Status: H.R. 2515 was introduced by Rep. Woolsey (D-CA) on May 20, 2009 and referred to the committees on Education and Labor; Oversight and Government Reform; and Administration.


Family Leave Insurance Act of 2009 (H.R. 1723)

Core Provisions: This legislation would create a federal insurance fund to provide employees with twelve weeks of paid family and medical leave. The fund, established and administered by the Secretary of Labor, would provide benefits for employees taking leave (1) because of a serious health condition; (2) upon the birth or adoption of a child; (3) to care for a family member with a serious health condition; (4) for any qualifying emergency arising from the fact that a spouse, child, or parent of the employee is on active military duty; or (5) to care for a family member who is a covered service member. Under the benefits proposal, most employees would contribute 0.2 percent of their annual earnings, and employers would match employee payments. Benefit amounts would be tiered progressively according to income level and indexed for inflation under the Social Security wage index. The bill would allow employers with an equivalent or better paid-leave plan to opt out of participating in the insurance fund.

The legislation also prohibits employers from interference, discrimination, or retaliation concerning an employee’s exercise of rights under the act, and would give employees a corresponding private right of action. The Secretary of Labor would have investigative authority and would be authorized to bring an administrative or civil action. The bill also provides criminal penalties for knowingly submitting or helping another to submit a false certification in order to fraudulently collect benefits.    

Status: H.R. 1723 was introduced by Rep. Stark (D-CA) on March 25, 2009 and referred to the House Committees on Education and Labor; Oversight and Government Reform; and Ways and Means. Rep. Stark introduced similar legislation in the 110th Congress, but that legislation failed to make it out of committee.


House Passes Amendment to FMLA for Airline Flight Crews

On February 9, 2009, the House passed the Airline Flight Crew Technical Corrections Act (H.R. 912) by voice vote. The bill would amend the Family and Medical Leave Act (FMLA) by expanding coverage for flight attendants and pilots.

Enacted in 1993, the FMLA provides that covered employers must grant eligible employees up to 12 weeks of unpaid leave within a 12-month period for the birth and care of a newborn child, the adoption of a child, the care of an immediate family member with a serious health condition or medical leave when the employee himself or herself is unable to work due to a serious health condition. Employees are generally eligible to receive this leave if they have been employed (1) for at least 12 months by the employer, and (2) have worked at least 1,250 hours within the previous 12 months.

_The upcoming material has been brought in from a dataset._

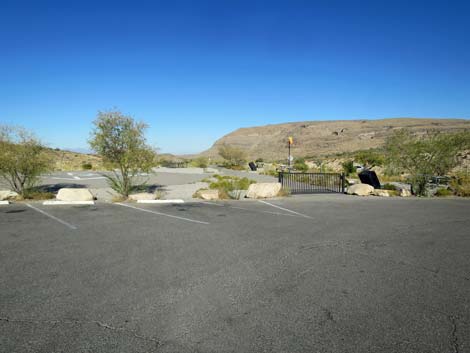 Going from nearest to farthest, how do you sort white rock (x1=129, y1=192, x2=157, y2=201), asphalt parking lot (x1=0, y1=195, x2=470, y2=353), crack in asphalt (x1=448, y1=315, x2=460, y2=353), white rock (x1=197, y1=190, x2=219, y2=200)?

The bill would expand FMLA coverage for flight attendants and pilots by rendering them eligible to receive the FMLA leave so long as they had worked or been paid for 60 percent of the “applicable monthly guarantee,” or the equivalent annualized over the preceding 12-month period, and for a minimum of 504 hours during the same period. An “applicable monthly guarantee” is the time employers schedule flight crews, including time spent on the job between flights or on mandatory standby. 

The bill, which had 53 co-sponsors including members from both parties, was introduced by Rep. Tim Bishop (D-N.Y.) on February 9, 2009. The House suspended the rules, debated the bill, and passed the bill later that day. A parallel provision is expected to be introduced in the Senate soon.

The House had previously passed a similar bill during its last term (H.R. 2744, 110th Cong.), but the Senate failed to act on the bill before Congress adjourned.